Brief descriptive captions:
>>>>>

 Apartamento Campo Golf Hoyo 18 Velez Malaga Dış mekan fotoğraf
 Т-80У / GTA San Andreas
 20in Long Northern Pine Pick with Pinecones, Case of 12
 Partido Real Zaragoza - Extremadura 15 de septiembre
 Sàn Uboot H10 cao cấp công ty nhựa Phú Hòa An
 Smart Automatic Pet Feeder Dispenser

<<<<<

• _WORK TO BE COMPLETED_
When you answer, return the records above exactly as they stand.

• _TASK SOLUTION_
 Apartamento Campo Golf Hoyo 18 Velez Malaga Dış mekan fotoğraf
 Т-80У / GTA San Andreas
 20in Long Northern Pine Pick with Pinecones, Case of 12
 Partido Real Zaragoza - Extremadura 15 de septiembre
 Sàn Uboot H10 cao cấp công ty nhựa Phú Hòa An
 Smart Automatic Pet Feeder Dispenser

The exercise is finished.